Top of RECORDS SHOWN
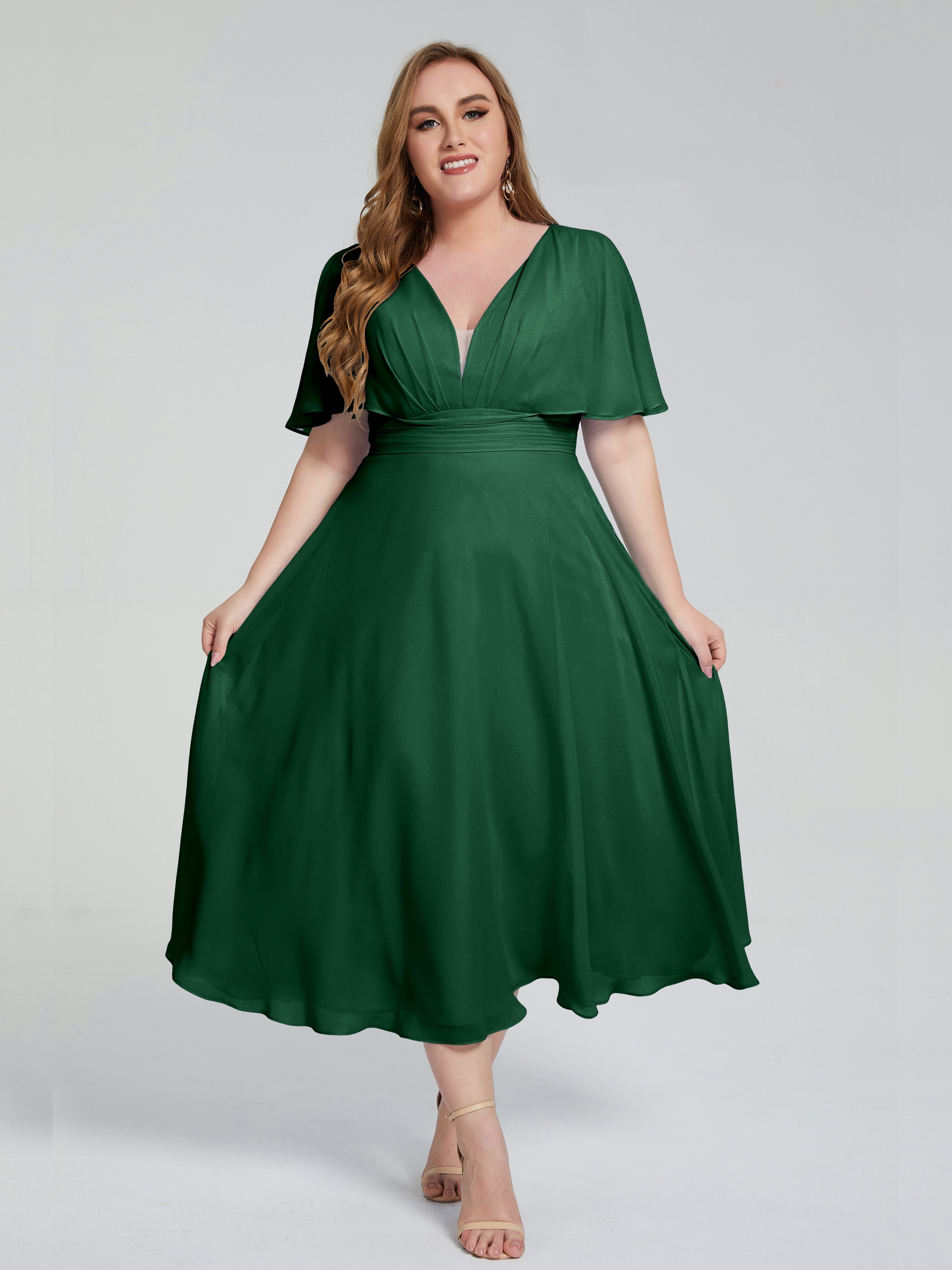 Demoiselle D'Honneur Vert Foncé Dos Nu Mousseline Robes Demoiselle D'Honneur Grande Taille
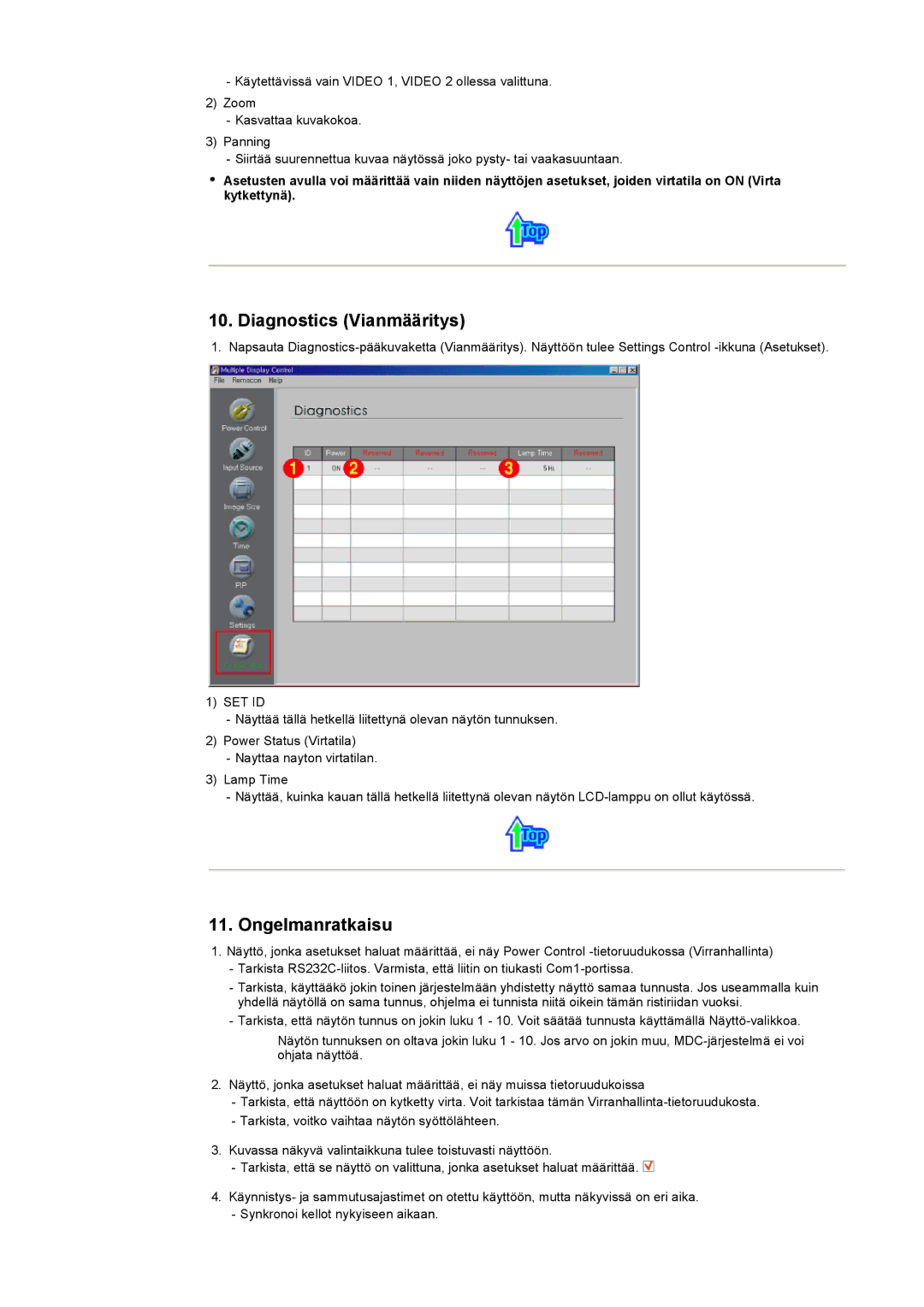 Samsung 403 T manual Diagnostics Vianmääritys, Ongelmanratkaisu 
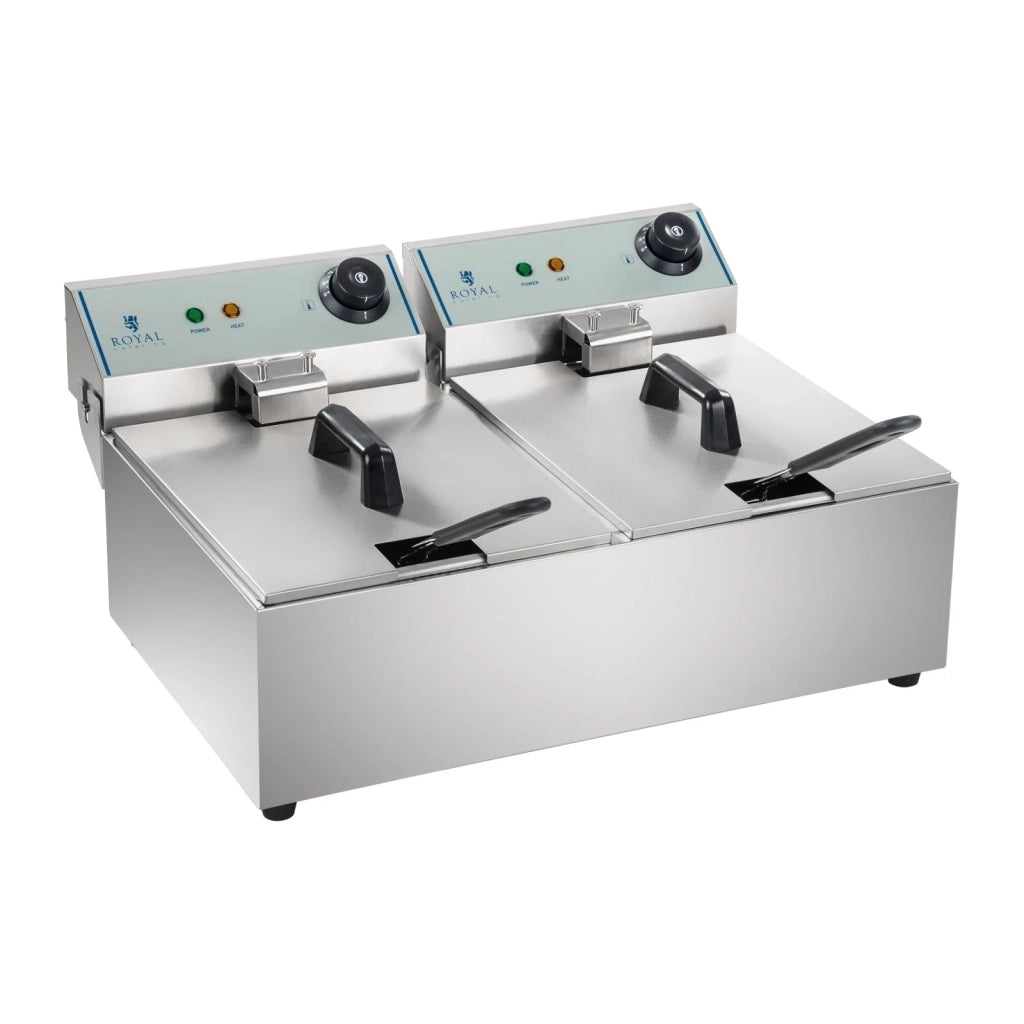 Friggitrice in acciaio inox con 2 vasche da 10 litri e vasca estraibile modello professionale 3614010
Bottom of RECORDS SHOWN
Top of RECORDS SHOWN
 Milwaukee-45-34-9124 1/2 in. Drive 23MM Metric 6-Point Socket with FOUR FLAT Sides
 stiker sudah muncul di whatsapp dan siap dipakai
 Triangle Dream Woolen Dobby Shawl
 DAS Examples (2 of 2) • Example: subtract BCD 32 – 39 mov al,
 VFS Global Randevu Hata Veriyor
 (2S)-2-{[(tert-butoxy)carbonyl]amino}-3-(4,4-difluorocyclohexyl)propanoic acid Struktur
Bottom of RECORDS SHOWN
> _EXERCISE INSTRUCTIONS_
From the records above, copy only the lines running from the line holding "Demoiselle D'Honneur Vert" through the line holding "Friggitrice in acciaio", with no pictures.

> _THE ANSWER_
 Demoiselle D'Honneur Vert Foncé Dos Nu Mousseline Robes Demoiselle D'Honneur Grande Taille
 Samsung 403 T manual Diagnostics Vianmääritys, Ongelmanratkaisu 
 Friggitrice in acciaio inox con 2 vasche da 10 litri e vasca estraibile modello professionale 3614010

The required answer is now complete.